While all of this sounds ideal, more issues than expected have emerged during the implementation, and required the learning environment to be tweaked by changing the reward system in a way that would’ve allow to increase the learning rate faster.
o ML-Agent: Implementation
This part can be really tough, although setting up the environment is actually easy thanks to the Unity SDK for ML-Agents, as has been mentioned before. Once everything is set up, running the code may not immediately produce the expected results. In fact, within the first few hours the ML-Agent did not seem to be learning much, as can be seen from the screenshot below.
Considering that the reward ranges from a minimum of -0.25 to a maximum of 1, it could be said that the ML-Agent’s first training session wasn’t exactly successful. After reading a bit more into the documentation, realization came: what actually happened was an issue with tuning the hyperparameters.
Hyperparameters are basically a set of values inside a configuration .yaml file that is used to control the learning process of the ML-Agent.
In the case at hand, such values were the ones shown in the picture beside.
Although not all the variables within the configuration file have been tweaked, some of them have been manipulated.
In order to understand what has changed and how it did improve the learning environment or the quality of the data that was gathered, each variable’s characteristics is briefly described in the following section.
§ Trainer: The first insight that was gathered was about the Trainer algorithm, the Proximal Policy Optimization, PPO for short. The objective is to learn a Policy that allows the Agent to obtain the highest reward possible. Although the Agent was mostly trained with this algorithm, another one has been tried as well out of curiosity, to see if there were visible performance changes. This other algorithm is known as Soft Actor Critic, SAC for short, and apparently it’s built in a way that relies less on hyperparameters. As its makers’ from Berkeley describe it, it’s an off-policy model-free reinforcement learning algorithm. While there are slightly noticeable differences between SAC and PPO, the latter has been selected for the demonstration, since at the point when SAC’s properties were understood, the Agent had been trained enough with PPO to a point where it had finally started performing decently.
§ Batch Size: this number represents the experiences that are used for one iteration of a gradient descent update.
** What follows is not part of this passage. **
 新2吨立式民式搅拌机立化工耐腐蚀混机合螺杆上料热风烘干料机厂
While at first increasing this value as much as possible seemed like a good idea, after a few tries it was understood that it doesn’t strictly improve the agent’s performance beyond a certain threshold, which is also dependent on what method of collecting observation we’re using. If the method is discreet, the threshold is smaller, if it’s continuous we have to use a larger number.
§ Beta: this value sets the strength of the entropy regularization, which basically increases the policy’s randomness. This ensures that agents properly explore the action space during training. Increasing this allows more random actions: it should be adjusted such that the entropy slowly decreases alongside increases in reward. If entropy drops too quickly, beta needs to be increased. If it drops too slowly, it has to be decreased.
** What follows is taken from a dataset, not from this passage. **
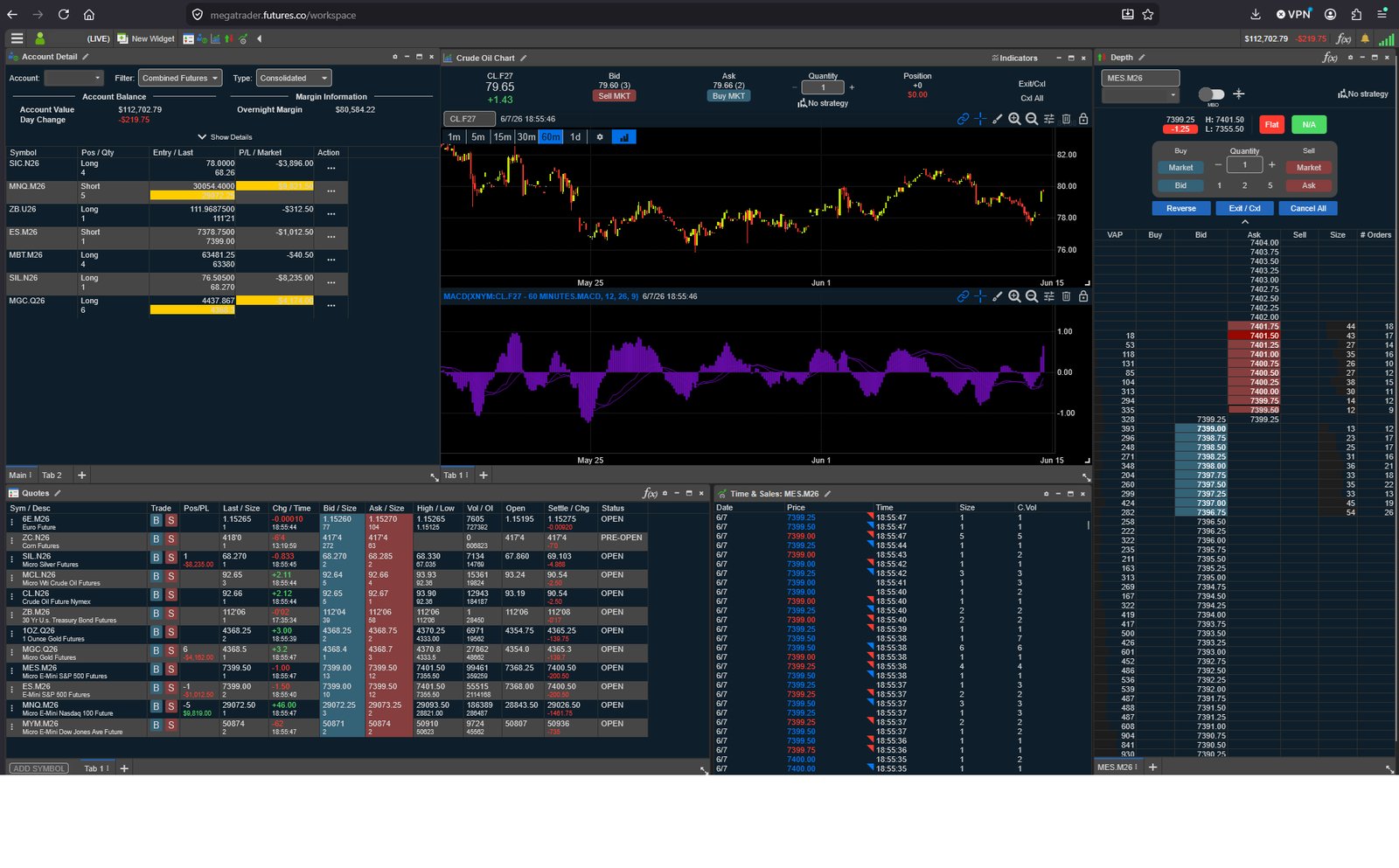 MegaTrader workspace showing account detail, a crude oil chart with MACD, depth of market, quotes, and time and sales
§ Buffer Size: this corresponds to how many agent observations, actions and rewards should be collected before the model is updated. This should be a multiple of the Batch Size. Since a larger Buffer Size corresponds to more stable training updates, this number was increased accordingly.
§ Epsilon: this corresponds to the acceptable threshold of divergence between the old and new policies during gradient descent updating. Setting this value small will result in more stable updates, but will also slow the training process. While at first it was thought that decreasing this value would’ve been a good idea, excessively slow training proved otherwise.
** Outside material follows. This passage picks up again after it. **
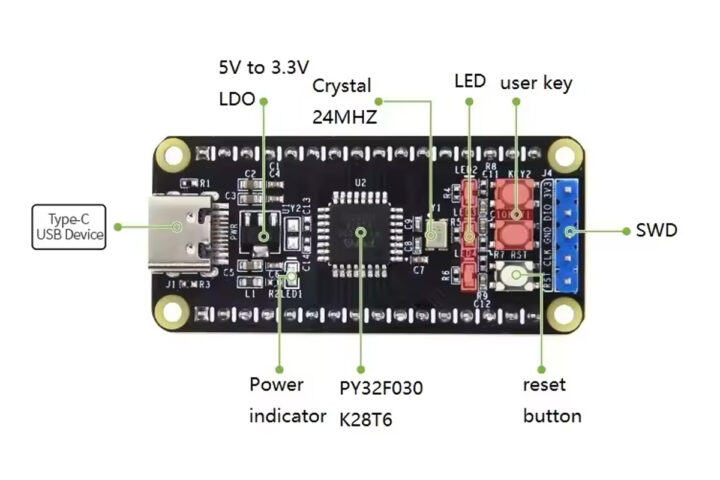 Puya PY32F030 Development Board Specifications Puya PY32F030 Development Board Specifications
§ Hidden Units: These units are in each fully connected layer of the neural network. For simple problems where the correct action is a straightforward combination of the observation inputs, this should be small. For problems where the action is a very complex interaction between the observation variables, this should be larger.
§ Lambda: it’s a parameter used when calculating the Generalized Advantage Estimate (GAE). This can be thought of as how much the agent relies on its current value estimate when calculating an updated value estimate. Low values correspond to relying more on the current value estimate (which can be high bias), and high values correspond to relying more on the actual rewards received in the environment (which can be high variance). The parameter provides a trade-off between the two, and the right value can lead to a more stable training process.
§ Learning Rate: this represents the strength of each gradient descent update step. Typically decreased if the training is unstable, and the reward does not consistently increase. After a few trials, it was decided to avoid decreasing this value too much, since the reward did increase over time, although slowly.
§ Learning Rate Schedule: this value corresponds to how the learning rate is changed over time. For PPO, the recommended learning rate is usually set to linear in order to make it decay until Max Steps is reached, so that learning converges in a more stable way. Since it wasn’t possible to infer how much training time would’ve been required, a decision was made to set the rate to constant instead, until a plateau was reached in the gradient descent. Once this condition was met, the training was paused, and the variable was set back to linear before continuing for the last steps.
§ Max Steps: this corresponds to how many steps of the simulation (multiplied by frame-skip) are run during the training process. This value has just been repeatedly increased until the Agent reached a reasonable level of skill.
§ Memory Size: The size of the memory an agent must keep. Used for training with a recurrent neural network.
§ Normalize: this value is used to decide whether or not normalization is applied to the vector observation inputs. This normalization is based on the running average and variance of the vector observation. Normalization can be helpful in cases with complex continuous control problems, but may be harmful with simpler discrete control problems.
§ Number of Epochs: it is the number of passes through the experience buffer during gradient descent. The larger the Batch Size, the larger it is acceptable to make this. Decreasing this ensures more stable updates, at the cost of slower learning. Since the certainty of stable updates was preferred, it has been decided to keep this value low.
§ Number of Layers: this represents how many hidden layers are present after the observation input, or after the CNN (Convolutional Neural Network) encoding of the visual observation. For simple problems, fewer layers are likely to train faster and more efficiently. More layers may be necessary for more complex control problems. Technically this number shouldn’t ever be too large, so it has been left it as it was.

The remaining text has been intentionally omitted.